Then when the opportunity came, the program was announced that the Army Air Corps would accept African Americans for pilot training. I hit a little bit on that last evening. It took a lot to get this, though, to get this done. But it was not an easy thing, and I may have brushed over it too rapidly last evening because we had to have -- first of all, we had to have a [law]suit by a fellow by the name of Yancy Williams, who literally sued the War Department to open up flying to African Americans. We had Mrs. Roosevelt, as I pointed out, after she came down to Tuskegee and flew with an African American who had literally taught himself to fly. And she, upon completion of the flight, vowed that she would help us in getting what we wanted. We had Dale White and Chauncey Spencer who flew a rickety old aircraft and there was -- they had a lot of problems getting that thing from Chicago to Washington, D. C. But it paid off because Senator Truman -- then-Senator Truman -- came out and looked at this airplane and looked at these fellows, and he made a commitment on the spot. He said, "If you had guts enough to fly that thing all the way from Chicago to Washington, D. C., I have guts enough to help you get what you're trying to -- what you're asking for, and that is an opportunity to fly." In the meantime, there was a thrust on the part of the African-American news media that led those that were in the legislature were pushing. So, I don't see that the War Department had any choice but to open up flying to African Americans.

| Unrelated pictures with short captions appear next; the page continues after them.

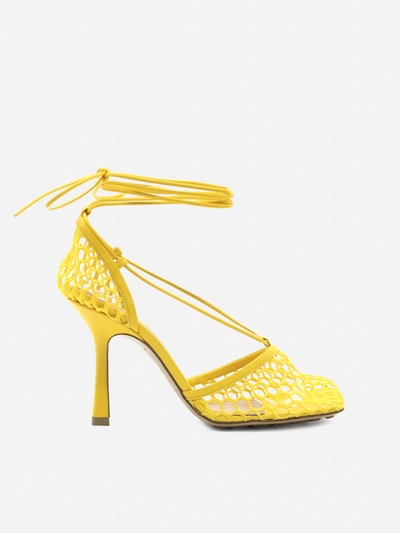 Shop Bottega Veneta Stretch Leather Sandals In Yellow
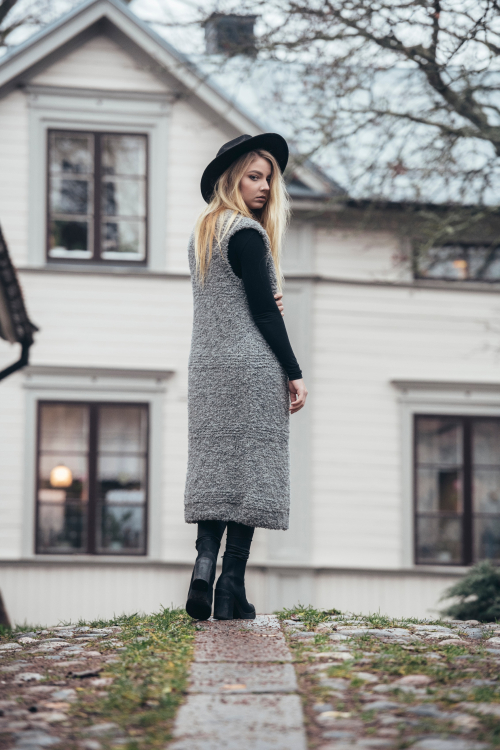 Bouclé - maxivest fra 80 talet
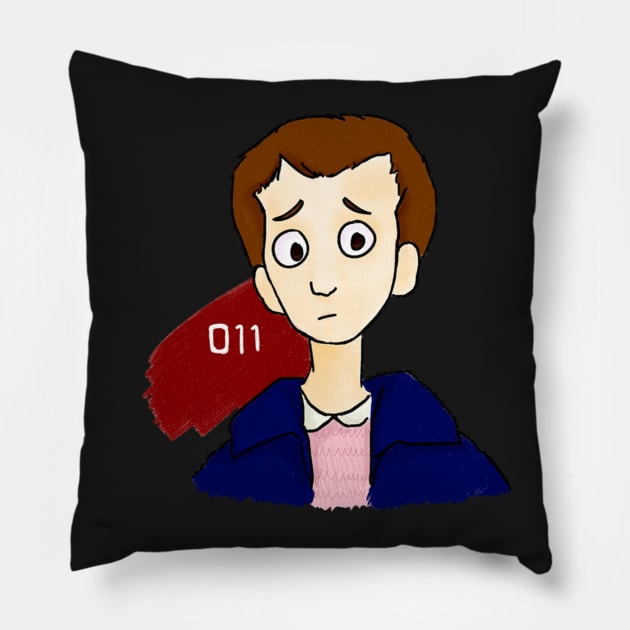 Eleven T-Shirt Pillow by landauzz01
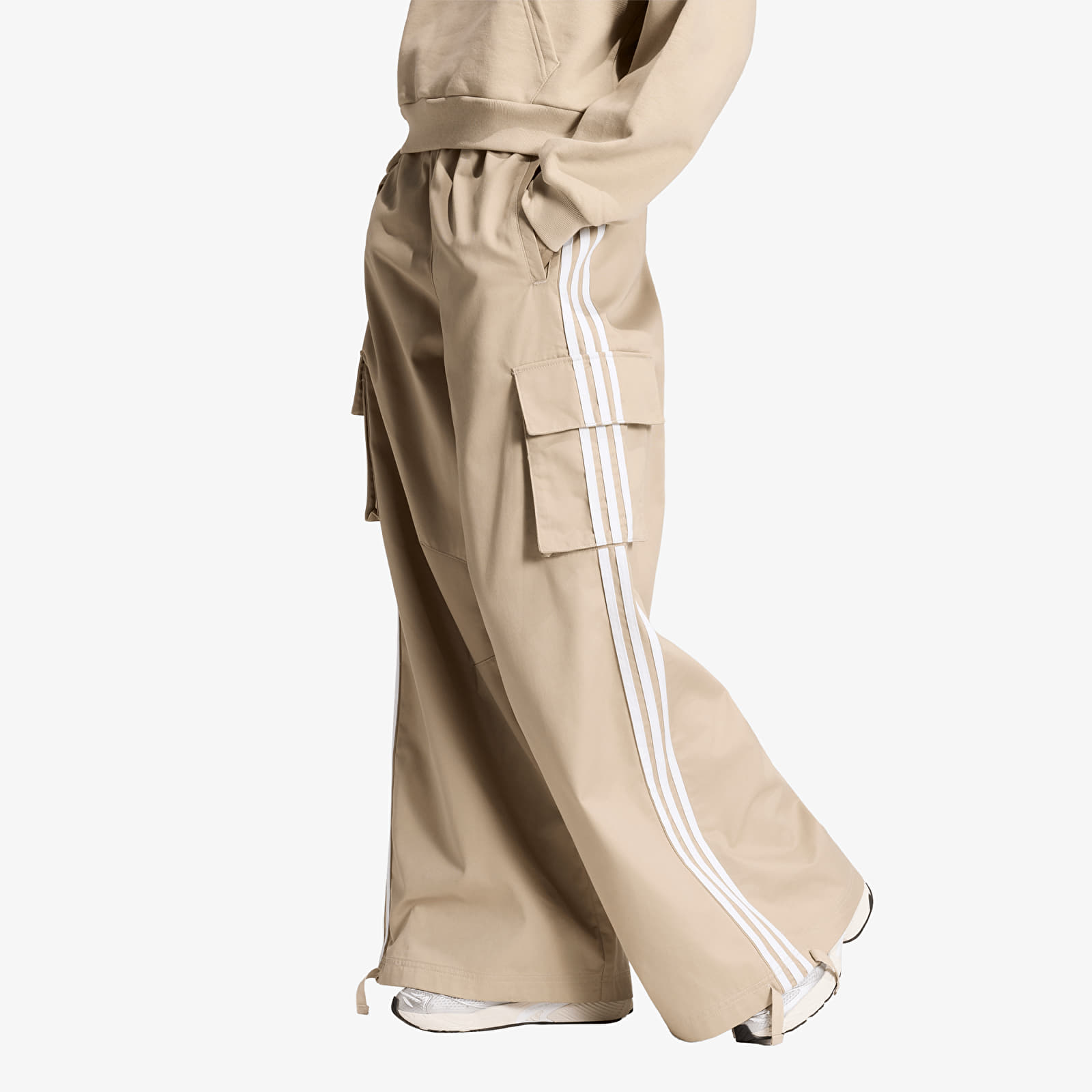 Штани adidas Firebird Adilenium Twill 3S Cargo Khaki Three/ White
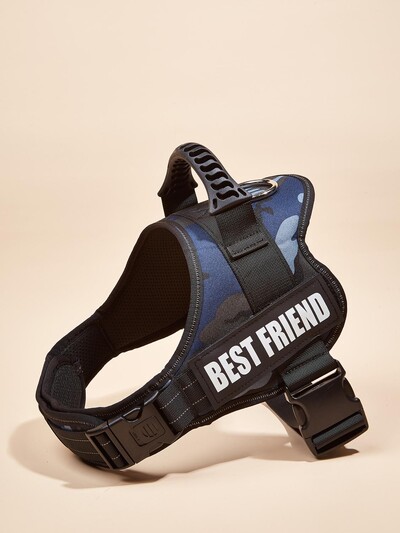 Krāsainas suņu zirglietas ar pielāgojamām etiķetēm Atstarojoša suņu kaklasiksna bez vilkšanas Droša suņu apmācība Pastaigas kāpšanas veste Bezmaksas piegāde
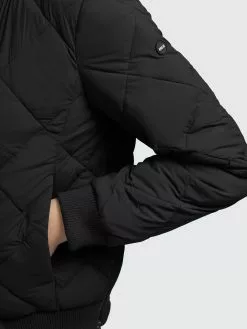 Khujo Vestes De Mi-saison Veste Mi-saison Leona Femme Noir -Magasin D'usine Khujo b3b1aa3f958b40475df25ba1c909274b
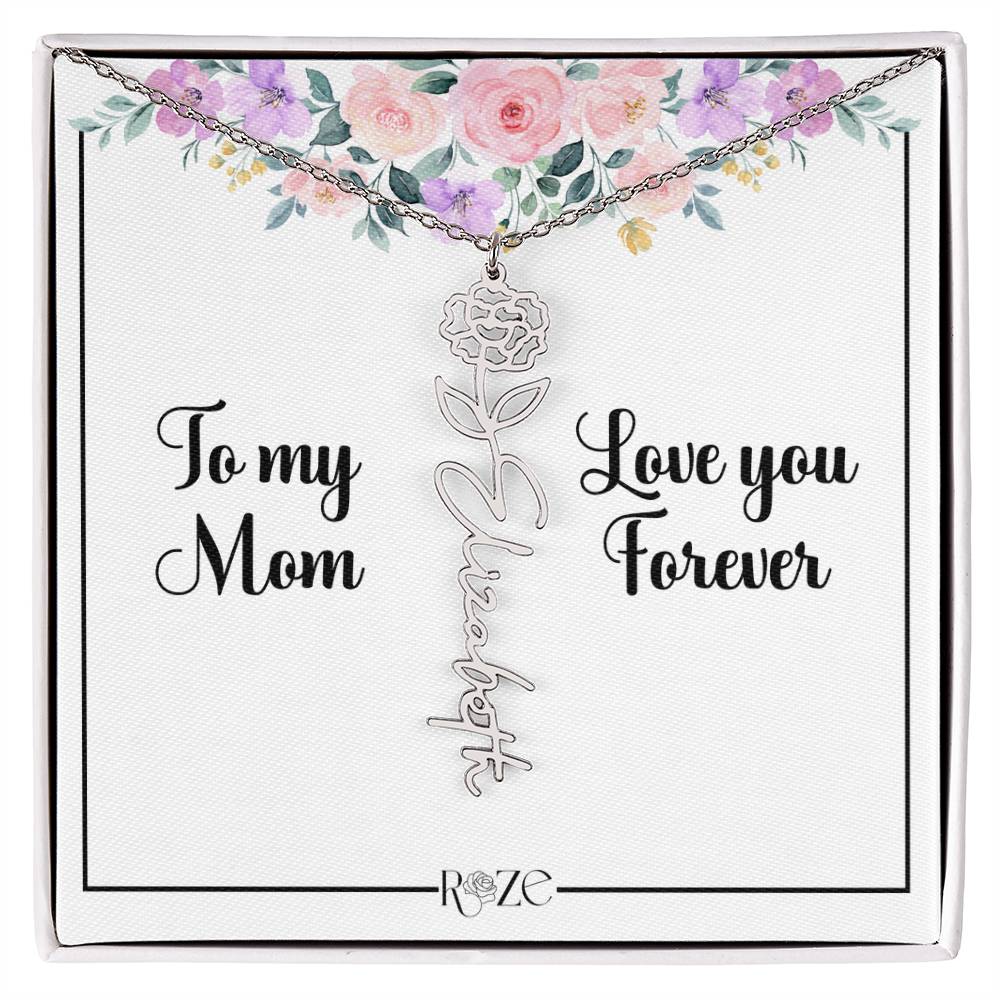 Custom Name Birth Month Neckace for Mother's Day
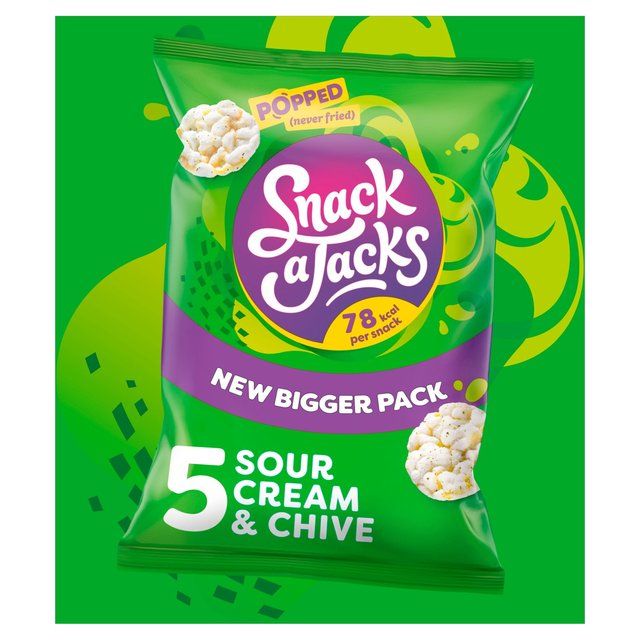 Snack a Jacks Sour Cream & Chive Multipack Rice Cakes 5 per pack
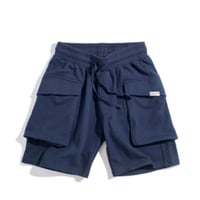 ネイビー P44 カーゴ ジョギング タクティカル ショーツ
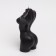 Figure candle "Women's bust", 6x14 cm, black, 4 hours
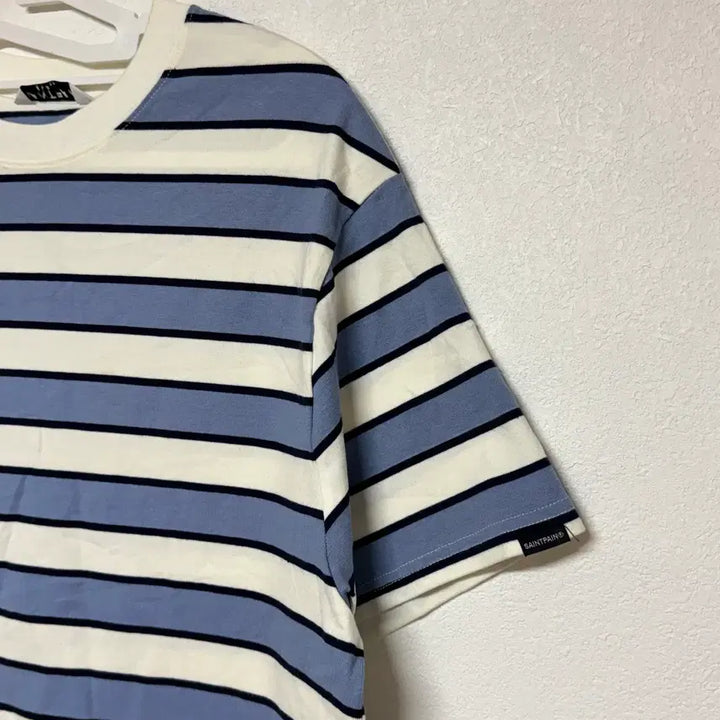 [BUNJANG] Saintpain Striped Short Sleeve T-shirt (Size S) / 세인트페인 스트라이프 반팔티셔츠 S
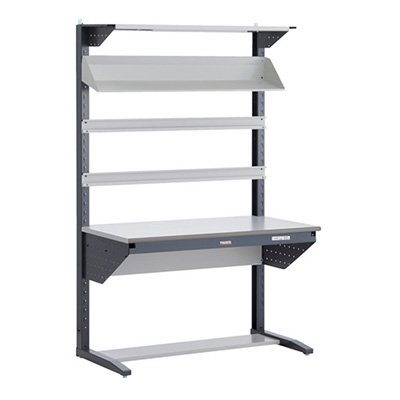 トラスコ TRUSCO ライン作業台 照明付タイプ 1200×687.5×1885mm ULRT-1200EA 246-3944 (商品コード：162281)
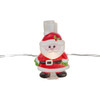 7' Battery Operated 15L Santa, Snowman & Christmas Tree Fairy Clip Lights In PDQ, 3 Assorted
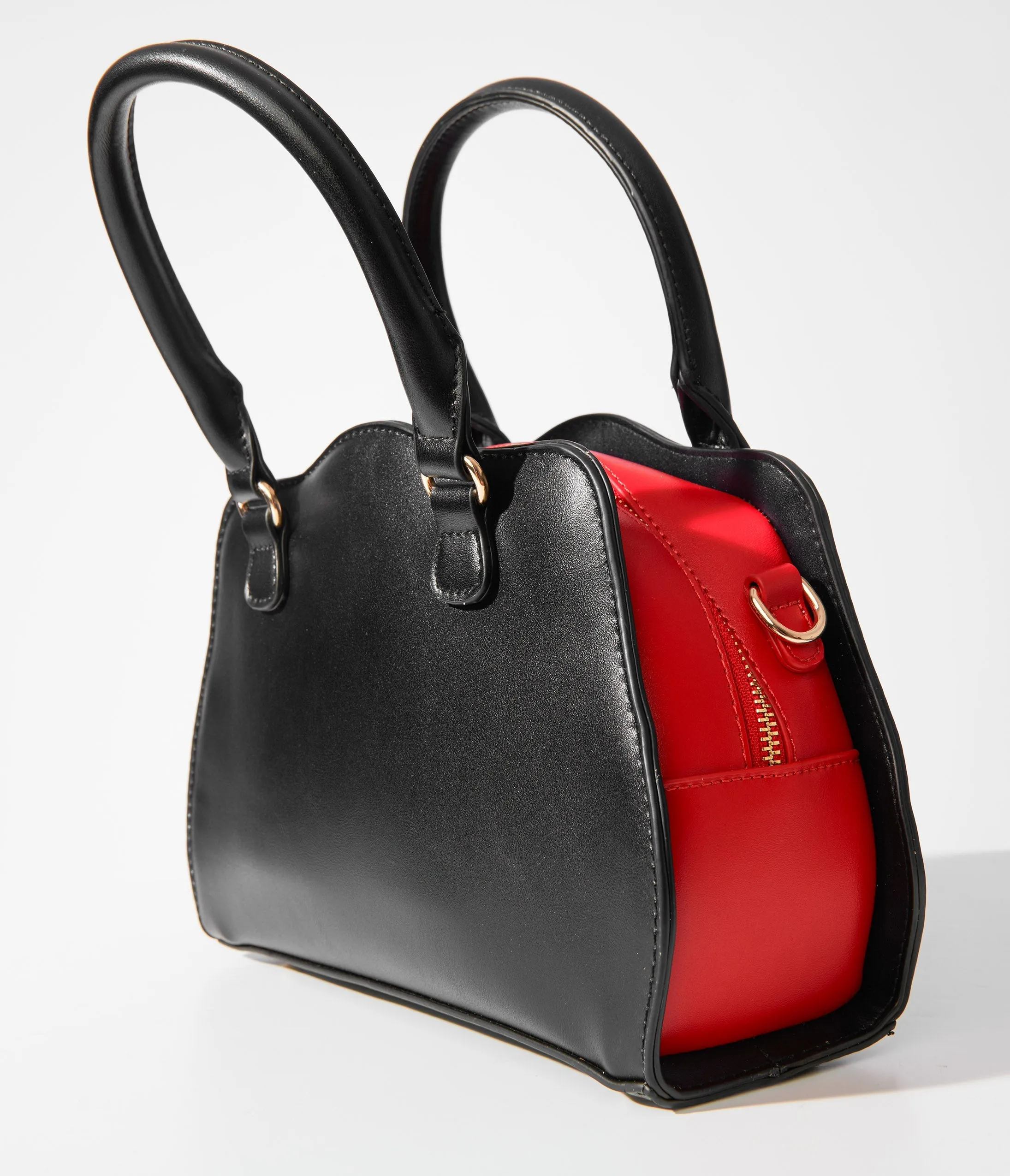 Black & White Poppy Polka Dot Handbag sold by Unique Vintage product image thumbnail 2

But they decided they would do this on a very limited scale -- "We'll train just enough pilots and crew members to staff one squadron." That was supposed to be the 99th. So they said, "Well, we'll build an airport for them." And it is said that they also went on to say that "Since we know" – quote, "know" – "We know that African-Americans can't fly, we know that they don't have the brain capacity, the ability to fly military aircraft. So we'll give them a few airplanes. We'll build them a base, they'll kill a few of themselves, maybe as collateral damage a few families might suffer on the outside, but that's about it. But we'll prove once and for all the wisdom of keeping blacks out of the cockpits of military aircraft."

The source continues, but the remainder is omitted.